By wizidm on Jun 25, 2007
I'm in London attending the Gartner Identity and Access Management conference and arrived Sunday with my friend and co-worker, Brandon. We got in early and the Hilton didn't have our rooms ready so we did a bit of sightseeing. I'll spare you the details of our pathetic navigation of the bus system, but after making it to Buckingham Palace and seeing Westminster Abbey and the House of Parliament/Big Ben, we had walked a long way and wanted to ride back to the hotel. The bus drivers were quite helpful and we were soon on our way back - or so we thought. In our haste to get on the right bus we neglected to make sure it was heading in the right direction. It wasn't. When the bus driver told us we were going the wrong way and we got off, we were next to something that clearly held sporting events. I asked one of the attendants through the fence if there was an event. He said yes and I asked if it was a football match. He laughed and said, "Mate, this is the Oval. You've never heard of the Oval?". I admitted the obvious, that I hadn't. He laughed again and then told me that the Oval was one of the most famous cricket stadiums in the world and the ONLY thing played in the Oval was cricket. I had just told Brandon that morning that one thing I wanted to do someday was to go to a cricket match. Why not today? The attendant told us that the game was being rain delayed and we proceeded to look for a place to buy tickets to find out how much it would cost.
A man, who either heard us talking to the attendant or could just tell we were in the market for tickets, approached us and said he had some he wanted to sell. Both of us were leery, but John assured us the tickets were not only legit, but 3 pounds (about $7) cheaper and could be refunded, if in fact the match was rained out. Further, he encouraged us to come in with him, his girlfriend Allison and his good friend James and pay him only if the match was played. Talk about no brainer.
The stadium was beautiful and looked to me like a HUGE golf green.
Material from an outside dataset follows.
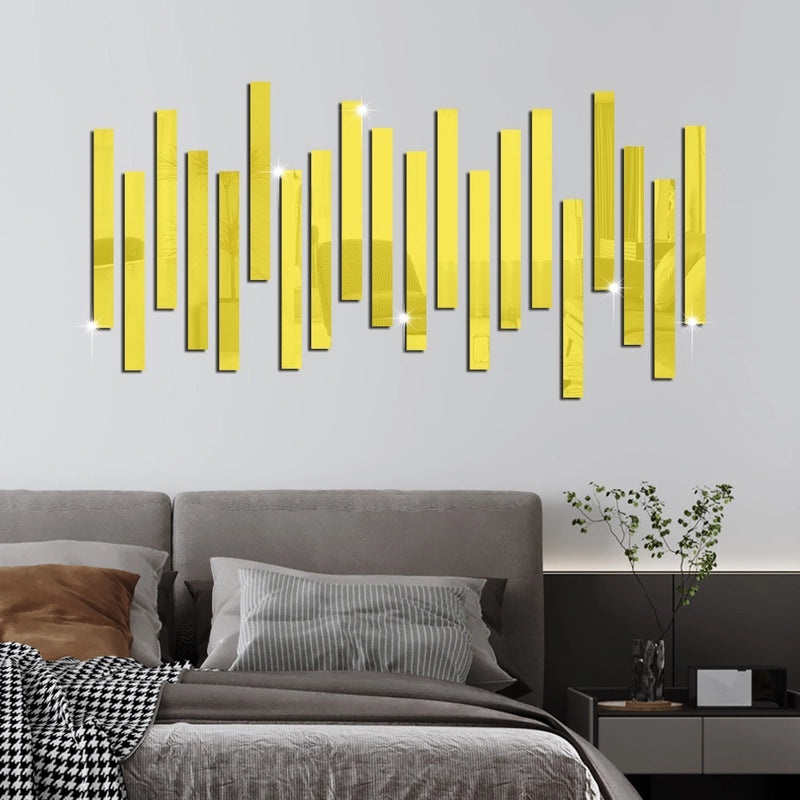 Acrylic Mirror Frame Wall Sticker Decorative Moulding Ceiling Waistline Self-Adhesive DIY | Home Decor Wall Art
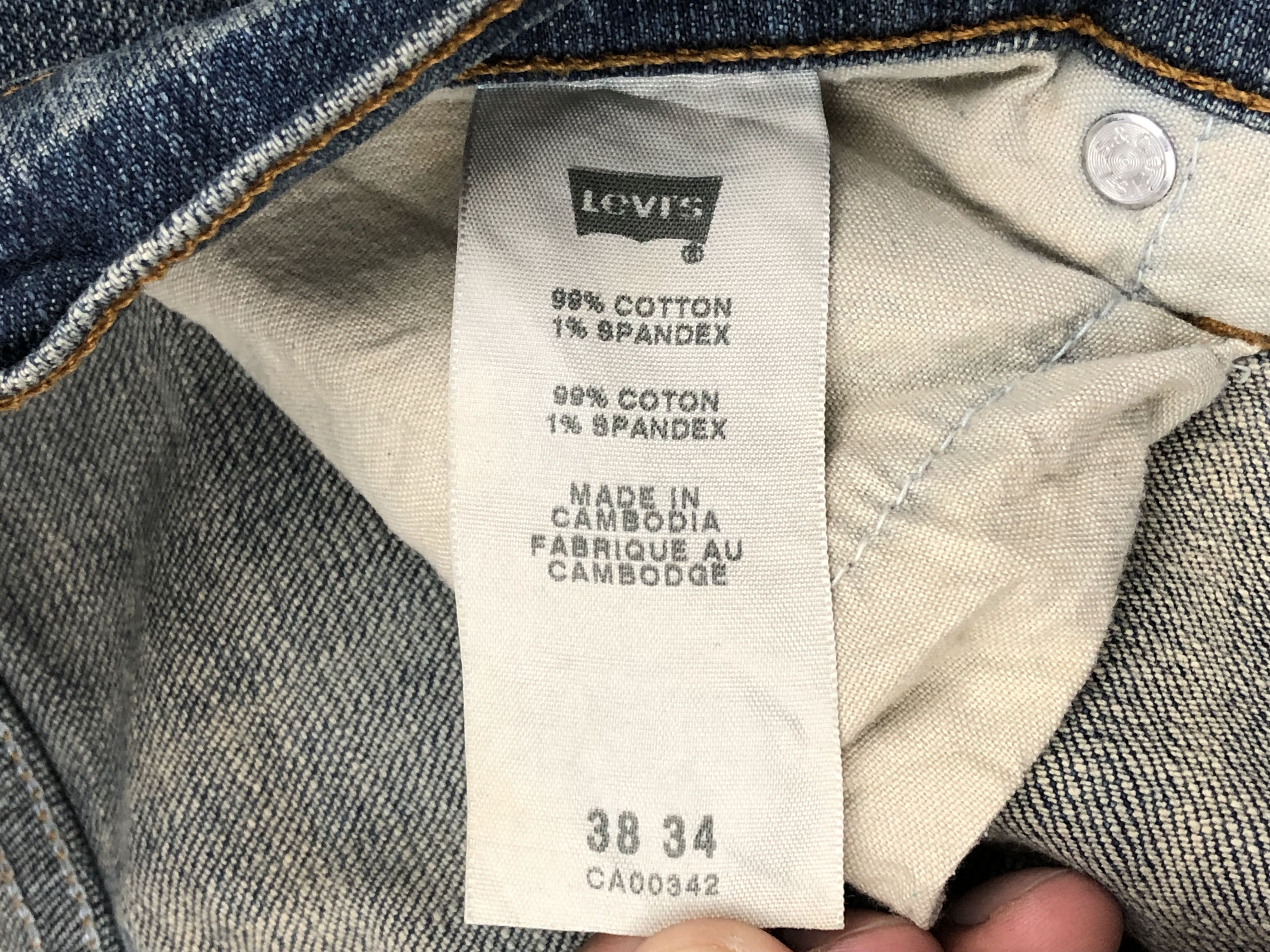 Levi's Vintage Levis 559 Faded Blue Jeans DP1607 Size US 38 / EU 54 - 7 Thumbnail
It was somewhat covered by tarps, etc. to protect the pitch and key areas from the drizzle. The clouds were dark and I don't think any of us felt the match would actually be played. However, about an hour later the clouds cleared up and they announced that the match would occur, but it only be 10 overs per side and not the full 20. By this time John and James had completely explained the game. It helped that John was such a huge baseball fan (only weeks before he'd been to both a Cub and White Sox game in Chicago) and could relate aspects of cricket to baseball, something Brandon and I know better, though neither of us are fans.
The match was the Surrey Brown Caps, the home team, against the Hamshire Hawks. James is a big Hawks fan. John is a big cricket fan. Allison is mostly a John fan :-). The rain stopped, at least enough for the match to start and we could not have happened upon three better people to spend the afternoon with and learn about this fantastic sport. Hamshire elected to bat first, which John said was a surprising move, and Surrey proceeded to bowl exceptionally well keeping Hamshire to only 72. The spin (slow) bowling was quite effective. We were impressed that bowling, essentially pitching overhand while being required to keep your elbow straight, reached speeds of 89 mph. Yes, straight arm. Surrey looked like they would reach 73 very quickly, but slowed near the end, finishing Hamshire with an over to spare. Sky (a Sun customer) covered the match and we were on the replays, and probably the sports coverage on the news later, several times.
I loved it. Can't wait to go again. Thanks John, Allison and James! You guys were great and our experience with you at the Oval was definitely the highlight of our trip. John, when you are in Illinois next we've got to see a Packers/Bears game!
Cricket is so much better than baseball. Granted that is a low bar, but easily cleared. Let me know if you want to understand any of the rules or the intricacies, but do wait until John sends me his email :-)
Baseball - a poor imitation of cricket.